As you might guess, these services aren’t free – they can range from $500 per employee on the low side all the way up to $2,000 or more on the high side.  But they can go a long way in helping an outplaced employee feel better about the company that just fired them.

However, due to the cost, that’s outside the realm of possibility for a smaller company – particularly one that’s laying off employees to cut expenses.  So you might think about other, free alternatives.

Offer to make calls to your network, and have your managers do the same.  Provide references.  Have your HR team put together a list of job boards, and list free online interviewing resources like Linda Raynier’s YouTube channel – she focuses solely on effective job searching techniques.

As I mentioned, be prepared to answer questions like, how will I get my things, where do I turn in company equipment, what about my office keys, outstanding expense report, commissions, the chair I brought in.  My point is, put yourself in the other person’s shoes and really think through the process, so you’ll have the answers you need, when you need them.

The cadence of all these meetings should be – first you talk with the managers.  Now they’ve probably already been involved in the selection process, so on the day of they will be well aware of what’s going on.  But weeks prior to that – you need to prepare yourself for the initial meeting you’ll have with the managers to let them know the company has to do some budget cutting.

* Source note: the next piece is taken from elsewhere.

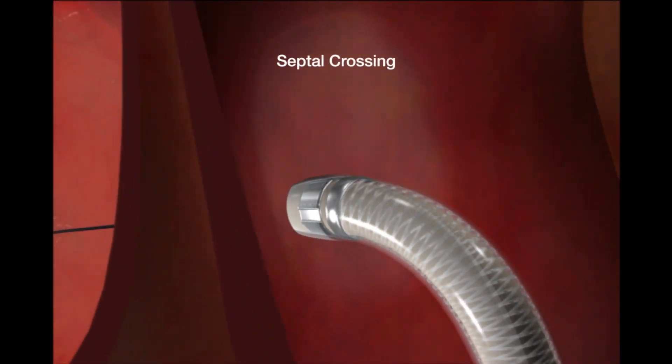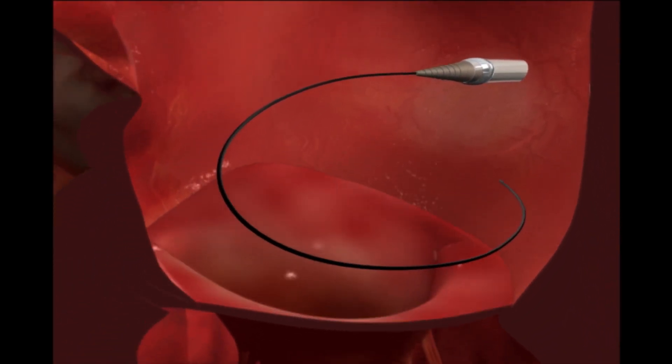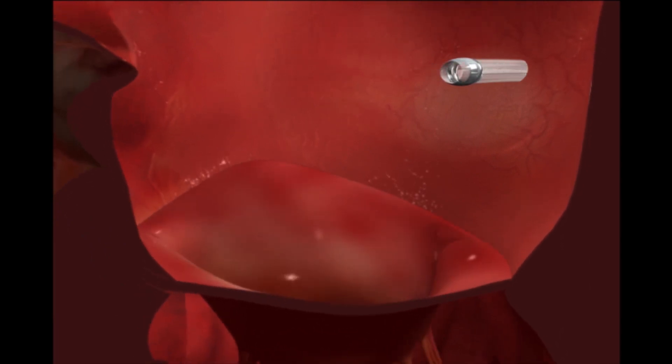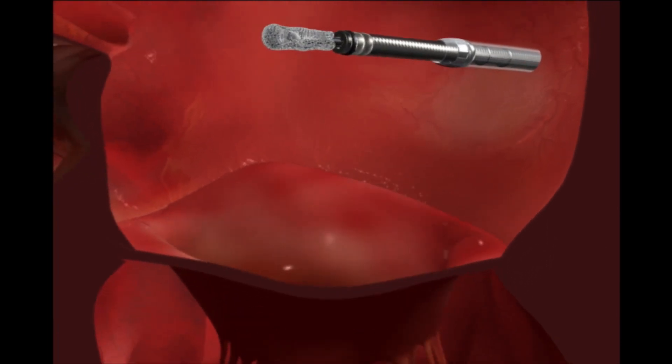The dilator is used to gradually advance the guide into the left atrium. The guide wire and dilator are then removed. The clip is gradually introduced into the left atrium.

It’s important to think through these discussions before you have them, because although the managers are part of the group that’s ‘in the tent’; it doesn’t mean they’ll stop thinking about, and being concerned about, any impact this all might have for them.  So be prepared to address their personal concerns too – remember, they’re not just managers, they’re team members as well.

OK, so manager communication is first.  Next, discuss the plan with your board or investors – if that’s appropriate.  This depends on the situation; the size of the layoff, the relationship with the investors, their role (if any) in the company.  You’ll know this better than me – I’m just saying that if you need to tell someone, tell them next – after you’ve identified the plan with the managers.

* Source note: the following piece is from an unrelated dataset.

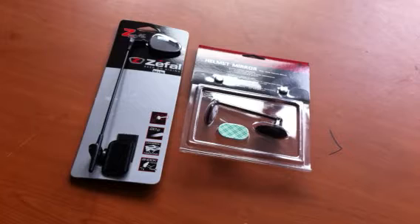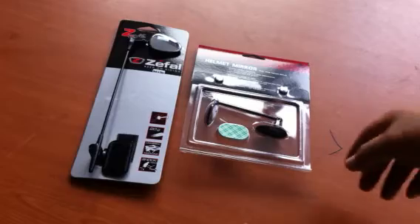There are a few types of cycling helmet mirrors. Today, we are going to compare the Blackburn helmet mirror and Zefal helmet mirrors. As you can see,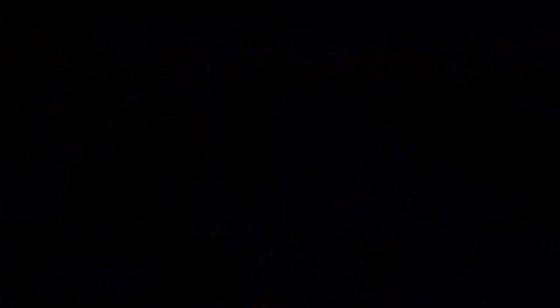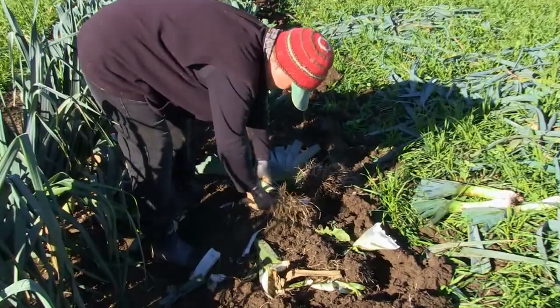Here's Martha pulling out some of the leeks and trimming off the excess roots — the first part of cleaning up the leeks for our fall CSA and getting them ready for our customers.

Then on the day of – you, or you and the managers, are going to have one on one meetings with each impacted employee.

And please, I beg you – make it in person.  And if there is absolutely no way you can do it in person, then at minimum it has to be a video call.  Never, I repeat, never via eMail or chat or some other non-interactive medium.  It may be easier for you, but it shows huge disrespect for the employee – no person – that’s losing their job.  Let them keep their dignity, and feel like they were treated like a human.

A side note here – if one of the folks be eliminated is a manager – then the next group to speak with is their team.  Tell them the manager is leaving, tell them who will be taking over in the interim or who will be their new permanent manager.  And make sure all tech, platforms and processes are updated quickly – things like PTO or timecard approval processes etc.

And finally, on that same day, you – as the CEO, will have to address the whole company.

Be clear, be specific, look toward the future.  And, let them know you’re available to speak with anyone that has any questions.  Thank them for their continued commitment and talent, and let’s get back to work.

Now, although your instinct might be to go in your office and close the door for the rest of the day – that is absolutely the wrong thing to do.  As the leader, it’s critical that you remain highly visible and available to everyone.  Now I don’t mean walk around asking people how they’re doing – you have to let them process.  But be a presence, take a couple of turns through the office, go to the kitchen to get coffee, make yourself visible.

Listen – layoffs will be one of the hardest things you’ll do as a leader and a person.  But you have to remember, your most important job is to keep the company healthy so it can continue to support as many jobs as possible.

It may not be the easiest thing to do all the time, but it comes with the territory.  And you’ll live to fight, and win, another day.